Building the Current System

Generally, cities have been grown organically through a series of steps:

  1. Pioneers would establish some sort of encampment at a location believed to have some strategic advantage (trading port, lumber camp, military post, etc.). Places of business would be established where needed, residences would generally be as near as practicable, given the type of industry.
  2. Newcomers would arrive and set up experimental attempts to serve the pioneers and their clients.
  3. The newcomers who found success would establish “roots” in the community in the form of permanent buildings, structured businesses, and so on.
  4. Economies of scale through the use of shared infrastructure and agglomeration benefits (concentration of talent, idea sharing, access to markets) enabled the growth of cities. As residents gained wealth, they would move from the cramped inner portion of the city to locations with more space, but still accessible to the commercial center, given the transportation technology of the time.
  5. The city would continue to expand as more residents gained wealth and moved to outer rings of the city. As the peripheral population grew, entrepreneurs would serve these these areas, hence developing neighborhoods.

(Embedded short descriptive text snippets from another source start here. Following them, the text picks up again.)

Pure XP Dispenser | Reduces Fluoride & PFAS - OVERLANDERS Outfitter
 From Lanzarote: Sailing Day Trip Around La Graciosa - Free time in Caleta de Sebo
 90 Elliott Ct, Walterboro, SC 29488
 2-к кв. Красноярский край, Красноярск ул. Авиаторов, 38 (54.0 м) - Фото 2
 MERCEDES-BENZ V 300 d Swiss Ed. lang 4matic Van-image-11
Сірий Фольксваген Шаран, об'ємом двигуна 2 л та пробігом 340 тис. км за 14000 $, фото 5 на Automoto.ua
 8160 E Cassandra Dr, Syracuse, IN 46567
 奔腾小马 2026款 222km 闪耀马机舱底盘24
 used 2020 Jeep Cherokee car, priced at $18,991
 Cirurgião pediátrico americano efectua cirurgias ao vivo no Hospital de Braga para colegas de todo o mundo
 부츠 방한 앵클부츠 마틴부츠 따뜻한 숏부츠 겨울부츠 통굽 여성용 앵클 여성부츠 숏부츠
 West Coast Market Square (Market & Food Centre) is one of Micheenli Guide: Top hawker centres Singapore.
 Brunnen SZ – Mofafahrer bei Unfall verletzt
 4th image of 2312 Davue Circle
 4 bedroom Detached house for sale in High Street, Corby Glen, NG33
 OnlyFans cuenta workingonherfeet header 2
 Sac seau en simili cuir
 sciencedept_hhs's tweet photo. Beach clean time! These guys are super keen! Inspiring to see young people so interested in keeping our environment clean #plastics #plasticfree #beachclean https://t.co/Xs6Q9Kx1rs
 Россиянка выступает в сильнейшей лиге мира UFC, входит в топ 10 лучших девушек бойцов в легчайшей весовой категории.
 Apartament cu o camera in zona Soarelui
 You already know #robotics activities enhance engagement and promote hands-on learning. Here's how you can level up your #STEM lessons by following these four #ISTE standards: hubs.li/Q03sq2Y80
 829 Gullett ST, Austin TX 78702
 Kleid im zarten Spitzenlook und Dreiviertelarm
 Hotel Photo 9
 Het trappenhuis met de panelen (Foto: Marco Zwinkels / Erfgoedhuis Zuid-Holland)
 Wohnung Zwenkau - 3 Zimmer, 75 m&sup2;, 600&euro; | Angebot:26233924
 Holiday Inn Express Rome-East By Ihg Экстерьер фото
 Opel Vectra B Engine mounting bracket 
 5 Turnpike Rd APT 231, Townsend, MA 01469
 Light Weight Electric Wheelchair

The Industrial Revolution significantly accelerated urbanization, as factories created job dense areas and mechanized agriculture and transportation systems could serve larger population centers. While the new cities were much larger and expansive than pre-industrial cities, the format was generally the same as before: a commercial center in a location of strategic significance surrounded by mixed use neighborhoods built by individual actions. It should be noted that individual construction doesn’t exclude multi-family buildings. Apartment construction was a specific type of entrepreneurship where landowners would utilize their property and provide a service to those needing a place to rent.

Individuals generally built what they could with the resources they had available. If they couldn’t afford to build, they would purchase or rent an existing home. If they couldn’t afford a place of their own, more creative options had to be pursued, such as sharing spaces, dividing existing dwellings into multiple homes, or cobbling structures together using whatever materials could be scrounged up.

This system worked, although with flaws. Cities became jungles. Individuals with means lived comfortably, those without had to make do in cramped, unsanitary conditions. Affordable housing was a byproduct of living within your means, regardless of the quality.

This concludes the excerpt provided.